• [Brief] A single stretch of the material below is to be transcribed exactly, starting at the line with "MARSVOVO Womens Plus" and ending after the line with "水彩ポプシクル ビーチタオル (正面)".

• [Provided records]
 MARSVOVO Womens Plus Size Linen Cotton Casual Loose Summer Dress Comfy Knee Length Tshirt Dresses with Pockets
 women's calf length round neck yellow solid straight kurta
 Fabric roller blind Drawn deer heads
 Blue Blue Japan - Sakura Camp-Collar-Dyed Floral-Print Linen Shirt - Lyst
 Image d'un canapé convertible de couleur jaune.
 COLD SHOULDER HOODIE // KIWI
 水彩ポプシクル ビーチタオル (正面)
---
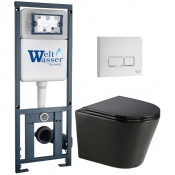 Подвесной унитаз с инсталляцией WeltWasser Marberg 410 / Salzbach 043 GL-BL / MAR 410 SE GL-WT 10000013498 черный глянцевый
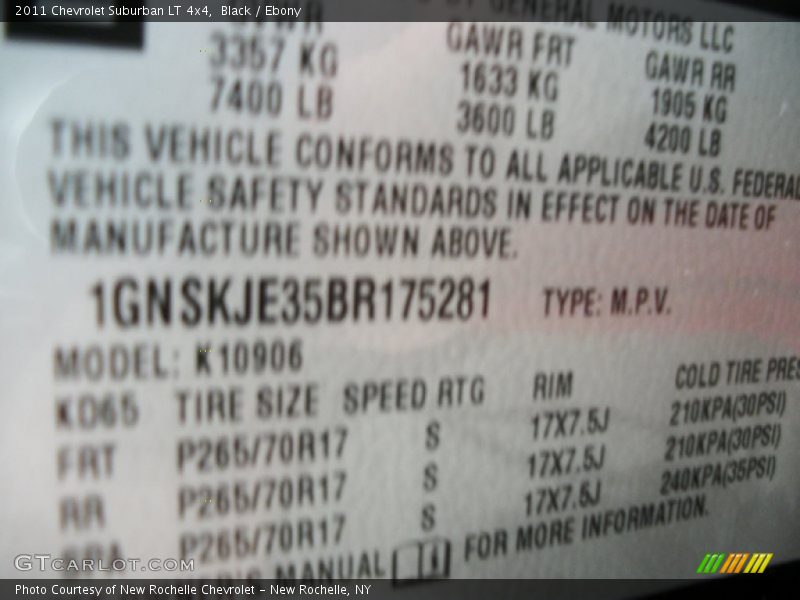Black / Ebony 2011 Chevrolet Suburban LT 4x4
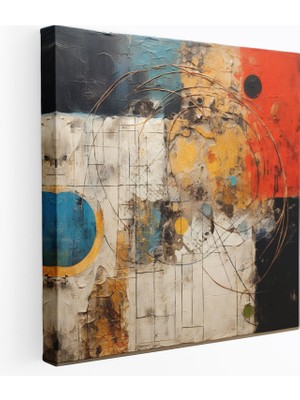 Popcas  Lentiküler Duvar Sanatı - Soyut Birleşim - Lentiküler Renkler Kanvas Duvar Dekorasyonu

• [Answer section]
 MARSVOVO Womens Plus Size Linen Cotton Casual Loose Summer Dress Comfy Knee Length Tshirt Dresses with Pockets
 women's calf length round neck yellow solid straight kurta
 Fabric roller blind Drawn deer heads
 Blue Blue Japan - Sakura Camp-Collar-Dyed Floral-Print Linen Shirt - Lyst
 Image d'un canapé convertible de couleur jaune.
 COLD SHOULDER HOODIE // KIWI
 水彩ポプシクル ビーチタオル (正面)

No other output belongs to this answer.